L’American Bankers Association a demandé davantage de temps pour l’élaboration des règles relatives aux stablecoins liées à la loi GENIUS, en invoquant des lacunes dans la coordination réglementaire.
Résumé
L’American Bankers Association, dans une lettre envoyée mardi, a exhorté le U.S. Department of the Treasury, la Federal Deposit Insurance Corporation, le Financial Crimes Enforcement Network et l’Office of Foreign Assets Control à prolonger la période de commentaires publics liée à la mise en œuvre de la loi.
En regardant comment les règles sont rédigées au sein des différentes agences, le groupe a demandé 60 jours supplémentaires après que l’Office of the Comptroller of the Currency publiera son cadre final. Une grande partie du processus de consultation actuel, a-t-il fait valoir, dépend d’une règle qui n’est pas encore en place.
« La FDIC a déclaré explicitement… qu’elle “a cherché, dans de nombreux domaines, à aligner cette proposition de règle avec la proposition de règle de l’OCC” », indique la lettre. « Un commentaire significatif sur cette question est impossible sans connaître le contenu final de la règle de l’OCC. »

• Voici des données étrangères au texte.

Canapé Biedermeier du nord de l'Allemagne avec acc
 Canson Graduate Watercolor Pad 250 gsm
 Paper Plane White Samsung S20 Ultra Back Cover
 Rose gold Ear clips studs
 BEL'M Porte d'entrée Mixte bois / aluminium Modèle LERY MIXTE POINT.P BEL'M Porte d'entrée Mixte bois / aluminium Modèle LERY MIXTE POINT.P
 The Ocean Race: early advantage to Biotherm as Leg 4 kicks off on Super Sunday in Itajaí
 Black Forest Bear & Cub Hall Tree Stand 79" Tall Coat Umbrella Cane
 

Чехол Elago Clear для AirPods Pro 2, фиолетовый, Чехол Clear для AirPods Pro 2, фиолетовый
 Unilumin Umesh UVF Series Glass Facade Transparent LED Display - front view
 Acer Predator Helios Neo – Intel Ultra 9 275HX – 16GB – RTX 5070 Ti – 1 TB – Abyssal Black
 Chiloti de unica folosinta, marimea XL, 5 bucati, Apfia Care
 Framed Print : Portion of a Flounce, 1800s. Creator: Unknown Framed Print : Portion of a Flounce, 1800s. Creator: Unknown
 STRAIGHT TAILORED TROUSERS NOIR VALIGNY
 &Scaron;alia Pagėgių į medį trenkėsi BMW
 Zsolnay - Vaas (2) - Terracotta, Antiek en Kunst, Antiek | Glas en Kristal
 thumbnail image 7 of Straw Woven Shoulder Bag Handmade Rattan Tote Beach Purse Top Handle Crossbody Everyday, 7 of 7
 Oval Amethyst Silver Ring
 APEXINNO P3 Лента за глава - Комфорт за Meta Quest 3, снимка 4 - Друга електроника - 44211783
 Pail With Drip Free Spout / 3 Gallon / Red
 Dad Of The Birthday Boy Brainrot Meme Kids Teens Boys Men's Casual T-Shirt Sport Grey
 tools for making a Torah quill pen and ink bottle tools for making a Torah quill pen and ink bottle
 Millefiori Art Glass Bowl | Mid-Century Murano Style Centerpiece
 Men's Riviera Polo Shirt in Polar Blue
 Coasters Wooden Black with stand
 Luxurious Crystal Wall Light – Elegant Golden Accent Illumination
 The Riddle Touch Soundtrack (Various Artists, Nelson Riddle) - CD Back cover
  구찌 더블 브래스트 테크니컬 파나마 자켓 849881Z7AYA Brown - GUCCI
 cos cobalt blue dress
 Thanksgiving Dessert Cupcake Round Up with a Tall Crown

Cette dépendance a commencé à ralentir l’engagement. La FDIC elle-même a cherché des retours sur la manière dont les régulateurs fédéraux devraient aligner leurs approches, mais les acteurs de l’industrie restent incapables de répondre en détail sans une base de référence de l’OCC finalisée. À ce stade du processus, ce sont la coordination, plutôt que le fond, qui constitue le point de blocage.
Promulguée en juillet 2025 par Donald Trump, la loi GENIUS confie aux agences fédérales la tâche d’élaborer des règles pour les émetteurs de stablecoins de paiement. Le cadre devrait entrer en vigueur soit 120 jours après la publication des réglementations finales, soit 18 mois après l’adoption de la loi, selon la première échéance.
Les retards dans l’élaboration des règles pourraient repousser davantage ce calendrier. Plusieurs agences travaillent sur des domaines qui se chevauchent, notamment le provisionnement des réserves, les obligations de conformité et les normes de supervision. L’absence d’une règle finale de l’OCC s’est transformée en goulot d’étranglement, laissant des détails techniques clés sans solution.
Les exigences de réserve et les mécanismes d’application restent en discussion. Les propositions du FinCEN, par exemple, ont décrit des obligations pour les programmes de lutte contre le blanchiment d’argent et la conformité aux sanctions, y compris la capacité de bloquer ou geler des transactions lorsque cela est requis. Ces mesures s’ajoutent aux considérations de la FDIC sur la manière dont les réserves devraient être détenues et divulguées, mais l’alignement entre les agences continue d’évoluer.
En dehors de la rédaction réglementaire, un débat parallèle se déroule au Congrès. Le rendement des stablecoins est devenu un point de contestation dans le cadre de la loi CLARITY, qui a été adoptée à la Chambre mais n’a pas encore avancé au Sénat.
Des échanges récents ont opposé des groupes bancaires à l’analyse économique de la Maison-Blanche. Alors que les estimations de l’administration ont laissé entendre que la limitation du rendement des stablecoins n’aurait qu’un effet modeste sur le crédit bancaire, les acteurs de l’industrie ont fait valoir que l’impact pourrait être plus important si ces produits commencent à concurrencer directement les dépôts.
Les législateurs n’ont pas encore trouvé d’accord sur la marche à suivre. Thom Tillis aurait suggéré que Tim Scott programme un examen en commission en mai, une démarche qui pourrait retarder un vote complet au Sénat.
Le calendrier législatif se déroule désormais en parallèle avec le travail réglementaire. Les agences continuent de rédiger les règles nécessaires à l’opérationnalisation de la loi GENIUS, tandis que le Congrès reste divisé sur des éléments clés de la structure du marché. Les deux volets avancent, bien que l’un comme l’autre n’ait pas encore retenu d’étape de fin claire.